Property of a deceased's estate 1934 Bentley 3½-Litre Tourer Coachwork by Lancefield/Corsica Registration no. AXB 2 Chassis no. B39AE Engine no. X4BC
'... the ability to traverse the rapidly crowding roads of Great Britain in less time, and with less, effort were points strong in its favour.' Johnny Green on the 3½-Litre, Bentley, 50 Years of the Marque.
Although Rolls-Royce's acquisition of Bentley Motors in 1931 robbed the latter of its independence, it did at least ensure the survival of the Bentley name. Launched at Ascot in August 1933, the first of the 'Derby Bentleys', as they would come to be known, continued the marque's sporting associations but in a manner even more refined than before. Even W O Bentley himself acknowledged that the 3½-Litre model was the finest ever to bear his name. Based on the contemporary Rolls-Royce 20/25hp, the 3½-Litre Bentley was slightly shorter in the wheelbase and employed a tuned (115bhp) twin-SU-carburettor version of the former's overhead-valve six.
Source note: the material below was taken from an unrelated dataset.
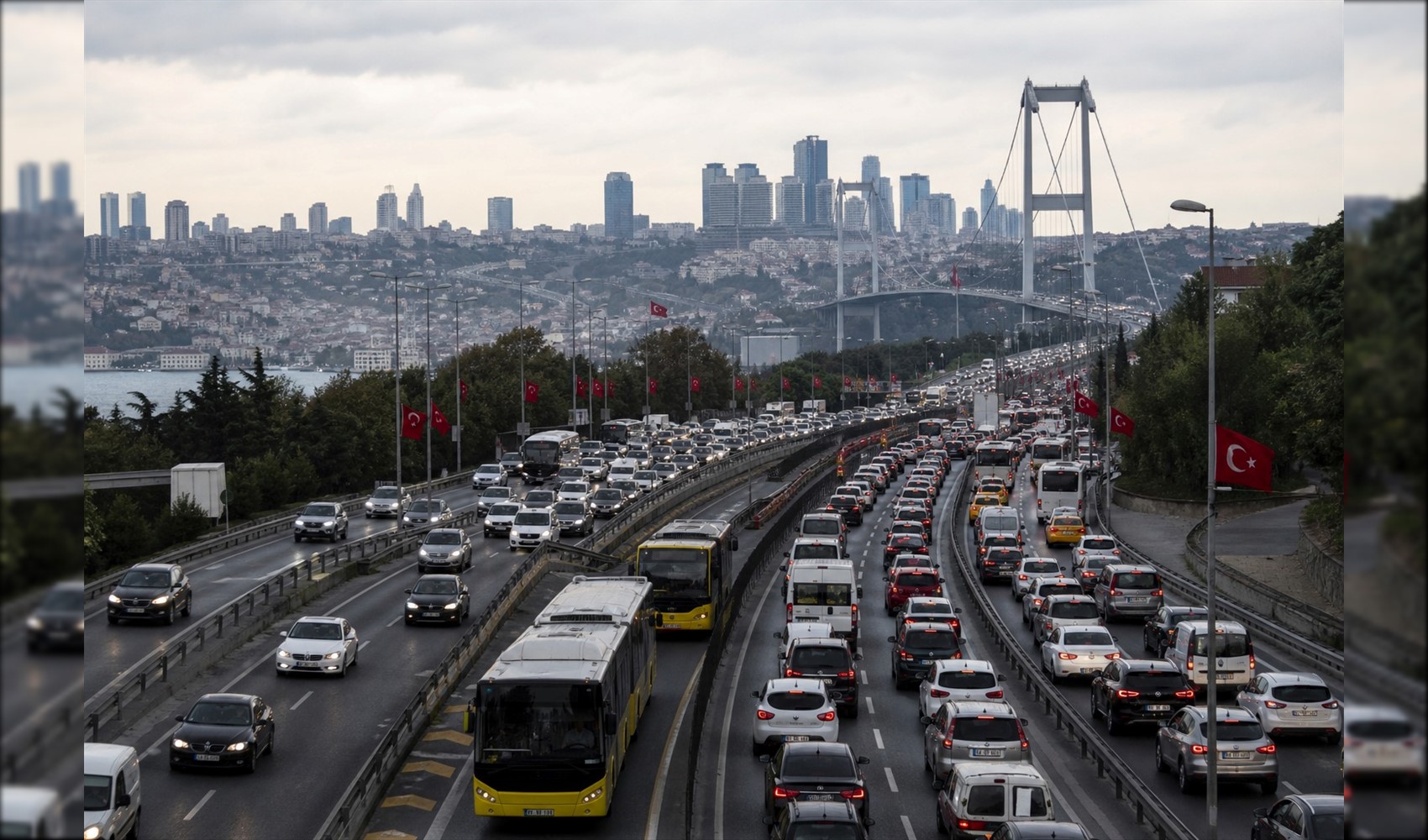 29 Ekim arifesinde İstanbul trafiği kilitlendi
Add to this already remarkable package an all-synchromesh four-speed gearbox and servo assisted brakes, and the result was a vehicle offering the driver effortless sports car performance in almost absolute silence. 'The Silent Sports Car', as it was swiftly dubbed, had few peers as a tireless long-distance tourer, combining as it did traditional Rolls-Royce refinement with Bentley performance and handling.
The Derby Bentley was, of course, an exclusively coachbuilt automobile and as befitted its sporting nature was almost always fitted with owner-driver saloon or drophead coupé coachwork, the 'standard' designs being the work of Park Ward. Of the 2,442 examples manufactured (including the subsequent 4¼-Litre model) almost 50% were originally bodied by Park Ward, that offered here being one of them.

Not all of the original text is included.